__What this task involves__. Type out the complete listing below word for word, without its pictures.
=== Exercise materials ===
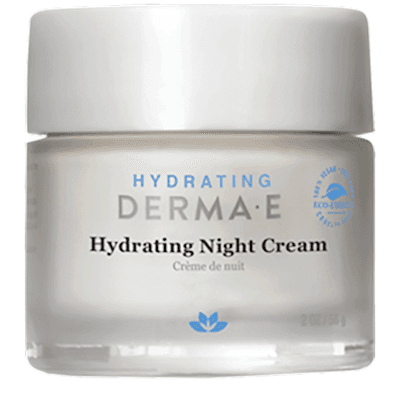 Hydrating Night Crème (2 ounces)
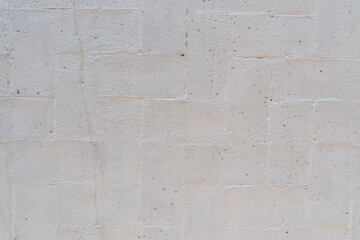 stone wall background texture bricks white grunge pattern textured old 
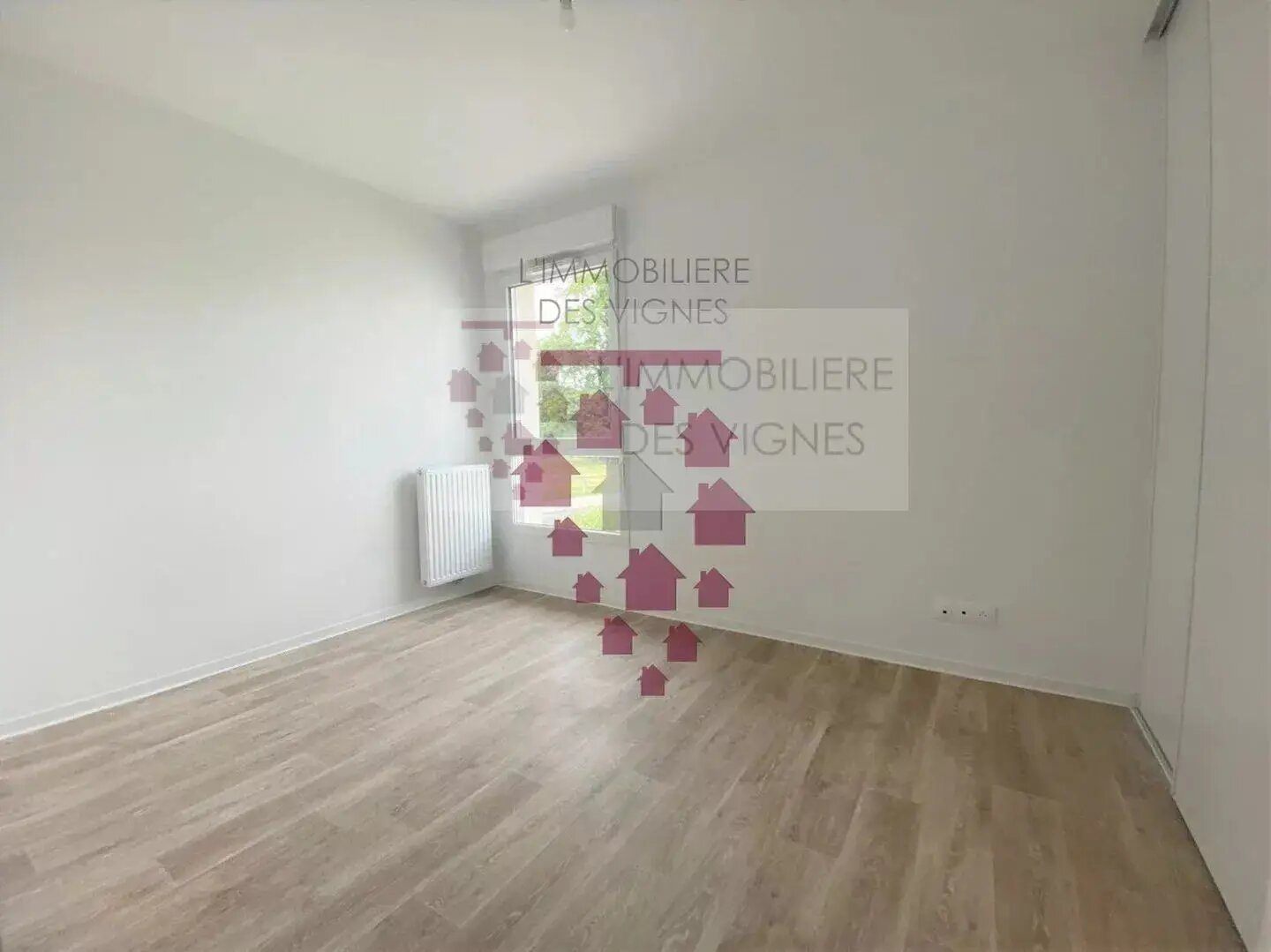 Appartement à louer, 65m², La Brède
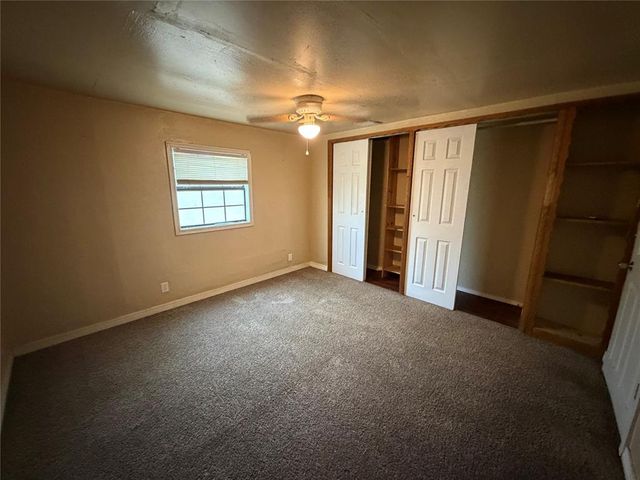 2117 SE 12th Street, Oklahoma City, OK 73129
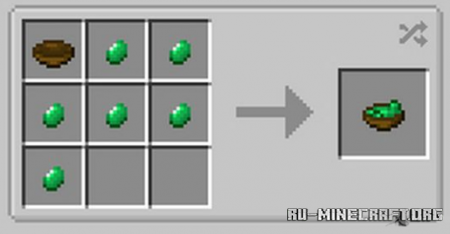  Simply Beans  Minecraft 1.15.2
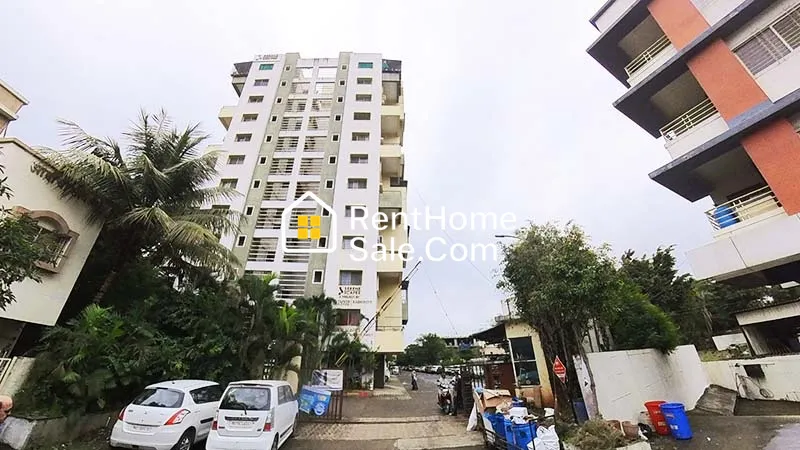 Flat for Sale in Ravet shinde vasti Flat for Sale in Ravet shinde vasti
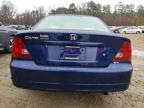 HONDA CIVIC EX photo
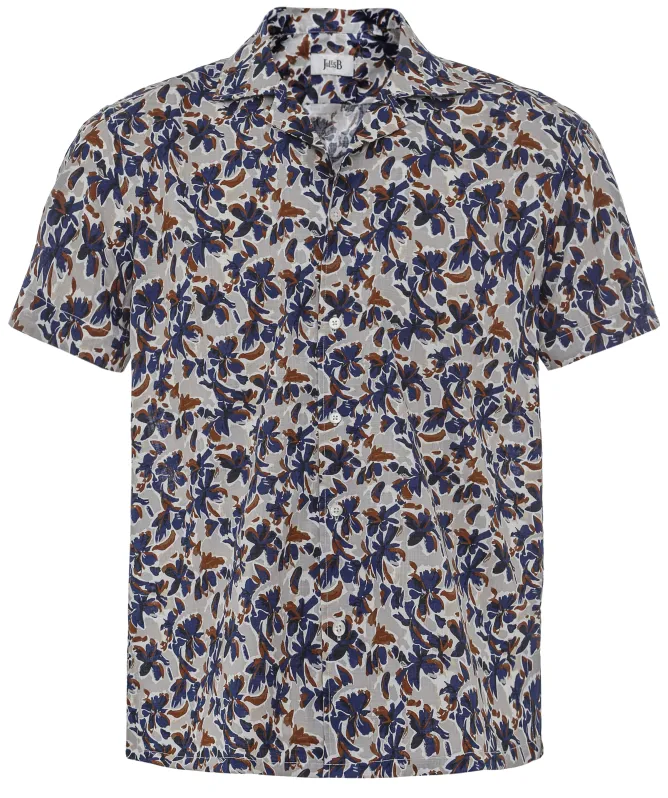 Jules B Paraguay Bowling Shirt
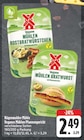 EDEKA Tirpersdorf - Vegane Mühlen Rostbratwürstchen Angebot im Prospekt Vegane Mühlen Rostbratwürstchen bei EDEKA im Tirpersdorf Prospekt für 2,49 €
===
__Solution below__.
 Hydrating Night Crème (2 ounces)
 stone wall background texture bricks white grunge pattern textured old 
 Appartement à louer, 65m², La Brède
 2117 SE 12th Street, Oklahoma City, OK 73129
  Simply Beans  Minecraft 1.15.2
 Flat for Sale in Ravet shinde vasti Flat for Sale in Ravet shinde vasti
 HONDA CIVIC EX photo
 Jules B Paraguay Bowling Shirt
 EDEKA Tirpersdorf - Vegane Mühlen Rostbratwürstchen Angebot im Prospekt Vegane Mühlen Rostbratwürstchen bei EDEKA im Tirpersdorf Prospekt für 2,49 €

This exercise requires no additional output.